(Problem description) Here is the task for the records below: repeat exactly the lines from the one with "Photo - 5924 Amber Ridge Rd House" to the one with "Hotel Harmony Lindos (Rhodes)", both included, and nothing else.
--
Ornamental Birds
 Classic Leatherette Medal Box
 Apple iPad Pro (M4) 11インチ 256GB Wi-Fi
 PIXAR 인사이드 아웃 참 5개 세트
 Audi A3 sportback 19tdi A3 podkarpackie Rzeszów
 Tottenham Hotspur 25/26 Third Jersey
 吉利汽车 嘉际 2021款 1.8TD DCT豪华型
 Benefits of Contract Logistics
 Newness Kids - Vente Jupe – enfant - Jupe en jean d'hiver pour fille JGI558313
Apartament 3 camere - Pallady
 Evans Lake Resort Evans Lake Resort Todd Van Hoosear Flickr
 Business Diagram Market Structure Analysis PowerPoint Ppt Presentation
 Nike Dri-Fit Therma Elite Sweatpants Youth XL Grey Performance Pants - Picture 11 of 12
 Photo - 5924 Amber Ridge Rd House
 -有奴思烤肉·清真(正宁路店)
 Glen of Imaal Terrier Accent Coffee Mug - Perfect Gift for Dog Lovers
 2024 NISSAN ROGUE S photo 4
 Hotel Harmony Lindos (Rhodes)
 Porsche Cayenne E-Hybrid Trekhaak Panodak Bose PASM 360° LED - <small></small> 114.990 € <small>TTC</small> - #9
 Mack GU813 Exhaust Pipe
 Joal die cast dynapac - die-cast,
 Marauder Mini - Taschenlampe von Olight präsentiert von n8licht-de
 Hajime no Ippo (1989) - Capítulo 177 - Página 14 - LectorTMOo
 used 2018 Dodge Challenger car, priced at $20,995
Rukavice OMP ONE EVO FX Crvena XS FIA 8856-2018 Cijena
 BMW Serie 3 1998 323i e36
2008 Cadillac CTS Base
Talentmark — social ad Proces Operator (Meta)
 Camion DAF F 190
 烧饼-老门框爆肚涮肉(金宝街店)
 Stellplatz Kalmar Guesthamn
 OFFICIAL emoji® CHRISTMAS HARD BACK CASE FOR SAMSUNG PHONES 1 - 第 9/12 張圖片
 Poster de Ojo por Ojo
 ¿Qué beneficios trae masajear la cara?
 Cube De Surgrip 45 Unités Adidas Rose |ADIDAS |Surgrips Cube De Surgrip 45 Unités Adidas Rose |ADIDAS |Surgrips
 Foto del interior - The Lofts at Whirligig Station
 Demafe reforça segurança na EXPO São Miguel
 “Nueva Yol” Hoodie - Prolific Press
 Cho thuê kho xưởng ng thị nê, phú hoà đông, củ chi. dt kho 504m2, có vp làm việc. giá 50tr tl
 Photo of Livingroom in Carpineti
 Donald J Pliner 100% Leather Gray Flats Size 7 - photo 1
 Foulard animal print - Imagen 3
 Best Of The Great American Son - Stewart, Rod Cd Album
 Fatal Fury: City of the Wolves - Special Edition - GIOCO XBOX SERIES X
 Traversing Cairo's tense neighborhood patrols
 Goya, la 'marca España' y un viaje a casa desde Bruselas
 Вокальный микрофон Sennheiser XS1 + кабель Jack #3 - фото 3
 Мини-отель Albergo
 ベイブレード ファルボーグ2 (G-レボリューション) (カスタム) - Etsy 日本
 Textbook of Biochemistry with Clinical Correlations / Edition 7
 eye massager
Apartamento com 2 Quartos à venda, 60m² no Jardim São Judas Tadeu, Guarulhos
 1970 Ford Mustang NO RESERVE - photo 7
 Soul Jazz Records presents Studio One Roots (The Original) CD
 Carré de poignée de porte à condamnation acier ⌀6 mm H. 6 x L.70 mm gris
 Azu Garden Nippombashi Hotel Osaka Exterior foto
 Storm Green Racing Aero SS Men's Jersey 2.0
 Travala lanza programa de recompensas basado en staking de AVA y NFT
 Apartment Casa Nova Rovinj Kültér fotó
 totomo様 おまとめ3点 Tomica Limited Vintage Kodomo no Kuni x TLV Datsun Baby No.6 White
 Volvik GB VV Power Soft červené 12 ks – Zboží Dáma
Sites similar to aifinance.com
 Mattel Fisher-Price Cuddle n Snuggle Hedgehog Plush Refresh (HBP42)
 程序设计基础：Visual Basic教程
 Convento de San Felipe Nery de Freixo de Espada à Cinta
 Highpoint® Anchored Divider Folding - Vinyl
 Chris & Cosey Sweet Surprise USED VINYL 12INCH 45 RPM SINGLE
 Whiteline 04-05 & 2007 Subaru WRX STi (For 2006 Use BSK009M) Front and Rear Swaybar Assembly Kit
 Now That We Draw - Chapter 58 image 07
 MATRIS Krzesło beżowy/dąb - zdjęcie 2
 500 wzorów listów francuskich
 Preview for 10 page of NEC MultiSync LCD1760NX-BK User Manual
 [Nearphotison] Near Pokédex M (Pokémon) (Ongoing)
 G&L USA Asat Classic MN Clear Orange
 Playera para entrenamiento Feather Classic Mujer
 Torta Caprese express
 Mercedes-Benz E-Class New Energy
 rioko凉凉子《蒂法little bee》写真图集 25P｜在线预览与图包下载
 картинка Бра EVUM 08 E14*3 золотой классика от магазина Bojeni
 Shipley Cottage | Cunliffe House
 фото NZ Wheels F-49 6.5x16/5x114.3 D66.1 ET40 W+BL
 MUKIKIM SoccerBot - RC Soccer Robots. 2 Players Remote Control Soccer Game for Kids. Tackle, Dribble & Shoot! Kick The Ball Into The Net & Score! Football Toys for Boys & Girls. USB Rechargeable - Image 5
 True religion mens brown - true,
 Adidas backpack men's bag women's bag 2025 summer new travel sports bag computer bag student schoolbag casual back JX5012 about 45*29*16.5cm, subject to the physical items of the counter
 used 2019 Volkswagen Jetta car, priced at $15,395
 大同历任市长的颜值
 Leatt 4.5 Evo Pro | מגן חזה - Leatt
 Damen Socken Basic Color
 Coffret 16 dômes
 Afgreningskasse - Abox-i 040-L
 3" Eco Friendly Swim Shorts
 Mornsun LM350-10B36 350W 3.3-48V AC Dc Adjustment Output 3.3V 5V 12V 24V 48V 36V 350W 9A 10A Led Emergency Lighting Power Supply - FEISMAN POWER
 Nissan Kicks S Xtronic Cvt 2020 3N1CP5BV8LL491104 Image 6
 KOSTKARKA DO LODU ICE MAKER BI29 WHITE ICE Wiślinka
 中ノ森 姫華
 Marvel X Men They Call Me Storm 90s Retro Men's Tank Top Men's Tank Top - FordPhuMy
--
(Your solution)
 Photo - 5924 Amber Ridge Rd House
 -有奴思烤肉·清真(正宁路店)
 Glen of Imaal Terrier Accent Coffee Mug - Perfect Gift for Dog Lovers
 2024 NISSAN ROGUE S photo 4
 Hotel Harmony Lindos (Rhodes)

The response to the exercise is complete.